MADISON - In the weeks after Gov. Jim
Doyle's administration ordered state employees to curb unnecessary
travel, those same workers charged the state more than $900,000 for
hundreds of trips around the world.
Wisconsin state employees visited at
least 30 states and the District of Columbia and eight foreign
countries in more than 300 trips taken just the first three months
of the year, records obtained by The Associated Press show.
Expenses for the trips ranged from a
measly $10.83 each for five Department of Transportation workers who
attended a forum in Rosemont, Ill., to $12,000 for an Investment
Board analyst who made company visits in Tokyo.
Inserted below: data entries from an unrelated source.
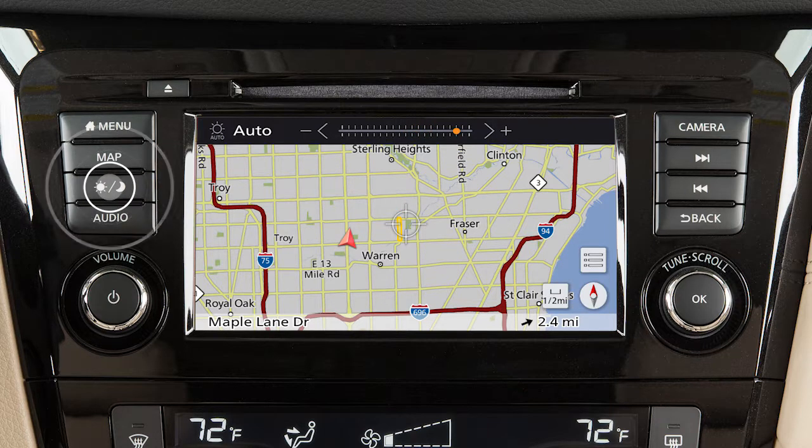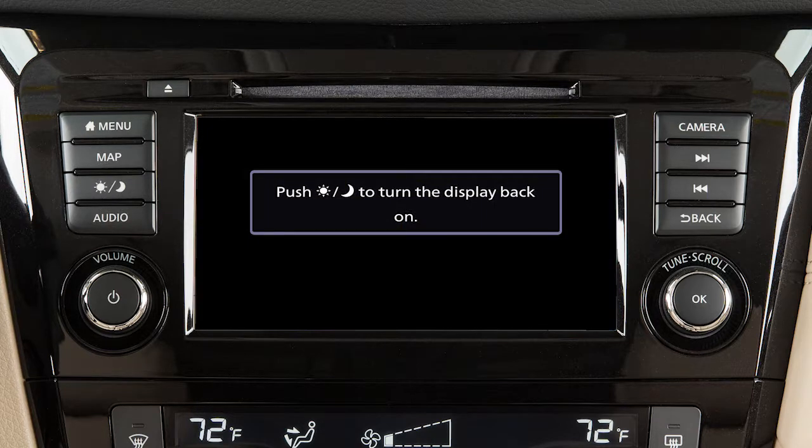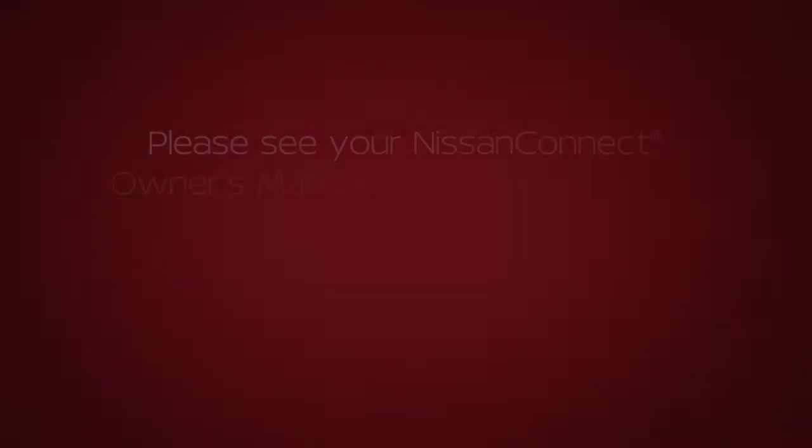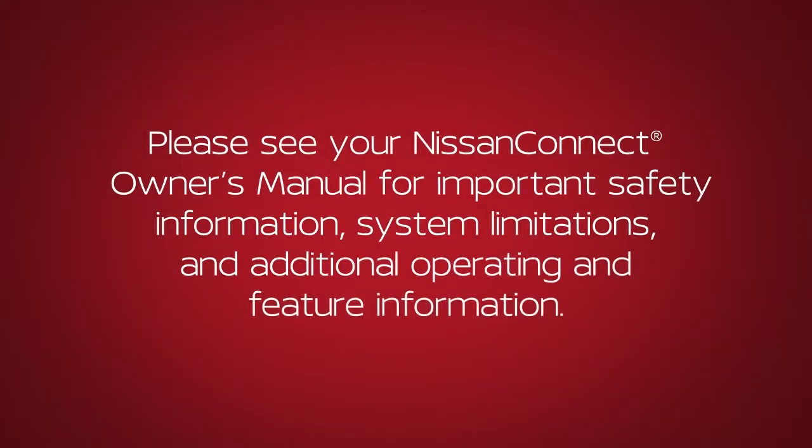Press and hold the Day-Night Off button to turn the display off. Press again to turn the display on. Please see your Nissan Connect Owner's Manual for important safety information, system limitations and additional operating and feature information.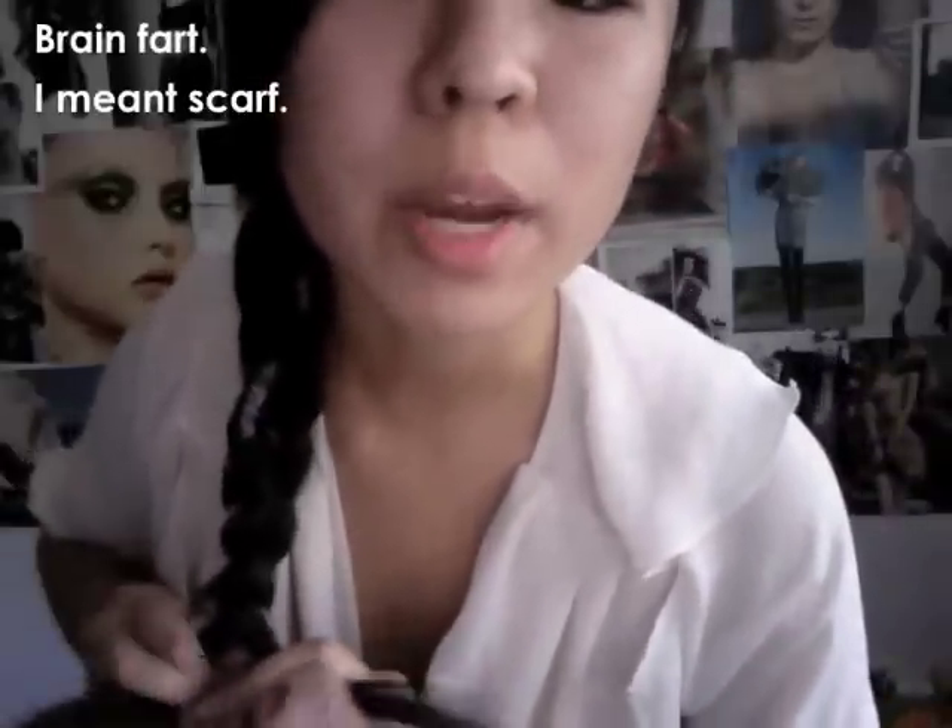So everything is in one section. We are going to start braiding. If you guys are having difficulties seeing with my black hair, there is Google where you can type in how to braid hair. So as you can see, your hair is incorporated with the braid.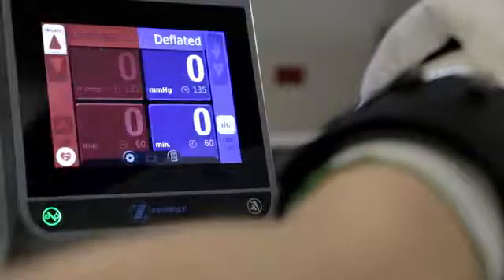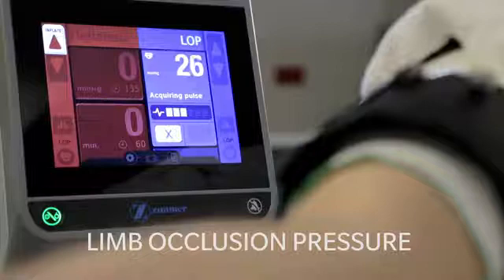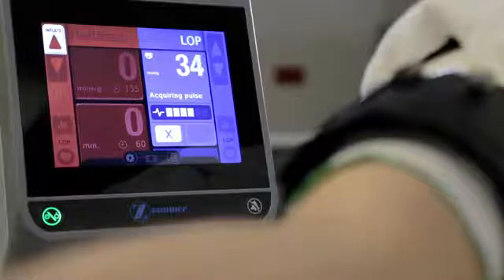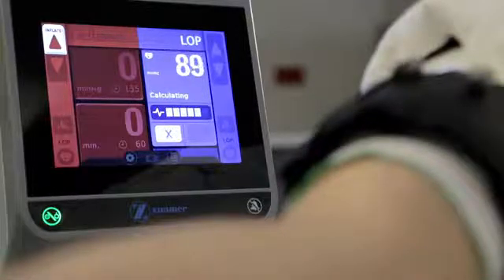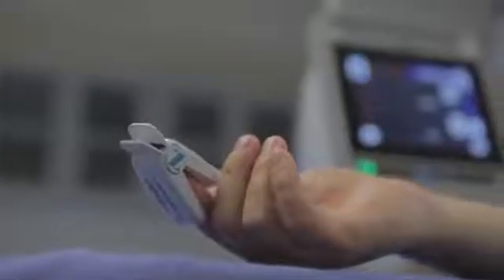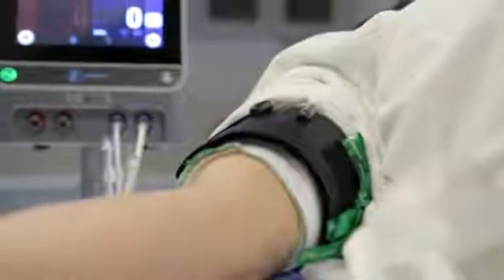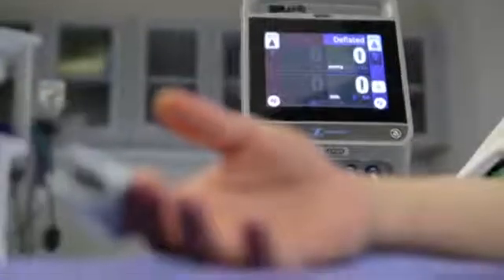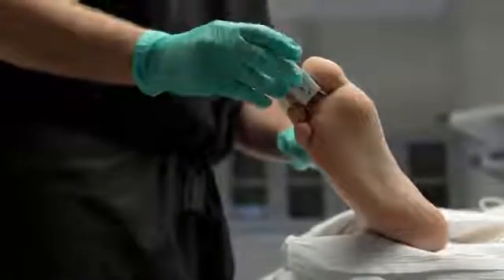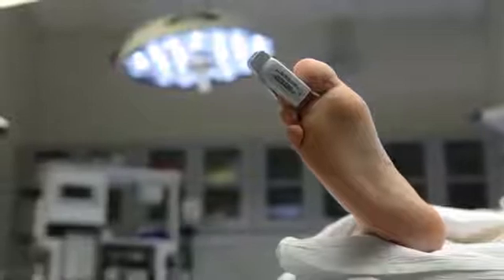The final pre-inflation procedure is calculating the limb occlusion pressure, or LOP. LOP is the lowest cuff pressure at which complete blood occlusion occurs in the operative extremity. Calculating LOP is easy and can be done prior to the patient being draped. Ensure that the LOP sensor is plugged into the ATS 4000 and that the tourniquet cuff has been placed on the patient. Attach the sensor to the patient's operative limb. For lower extremity surgery, the pulse sensor is typically applied to the second toe of the operative limb.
The amount spent on travel and the
number of places visited actually is much greater than the reports
show. The University of Wisconsin System, which last fiscal year
accounted for about 89 percent of the out-of-state travel, submitted
an incomplete report.
The university showed just $461,000
in travel, but that did not include the entire month of January or
any travel directly related to its core mission or growth agenda,
said university spokesman David Giroux.
The information was not included due
to accounting limitations and because the university was told by
Doyle's administration that it didn't have to be included, Giroux
said.
It's not known how overall spending
on travel so far this year matches up with the same time period in
2007. Department of Administration Secretary Michael Morgan ordered
the report for the first time this year.
But the total amount reported appears
to be low. For the previous fiscal year, which covered July 1, 2006,
through June 30, 2007, out-of-state travel not paid for with federal
funds cost the state about $22.1 million, according to the
legislative Fiscal Bureau. The majority of that, $19.7 million, was
spent by the university.
In addition to the university not
submitting all of its expenses, there were other holes in the report
reviewed by AP.
Doyle's administration did not
request travel information from a handful of agencies, including the
state court system, the Legislature, the Wisconsin Housing and
Economic Development Authority, or either the governor or lieutenant
governor's office.
Those were not considered state
agencies for the purposes of this report, said Department of
Administration spokeswoman Linda Barth.
Doyle's administration isn't
questioning any state agency about any of the travel or asking that
expenses be justified. The report was requested just to get a sense
of what type of travel was taking place, Barth said Tuesday.
"Each state agency is
responsible for the decisions they make on employee travel,"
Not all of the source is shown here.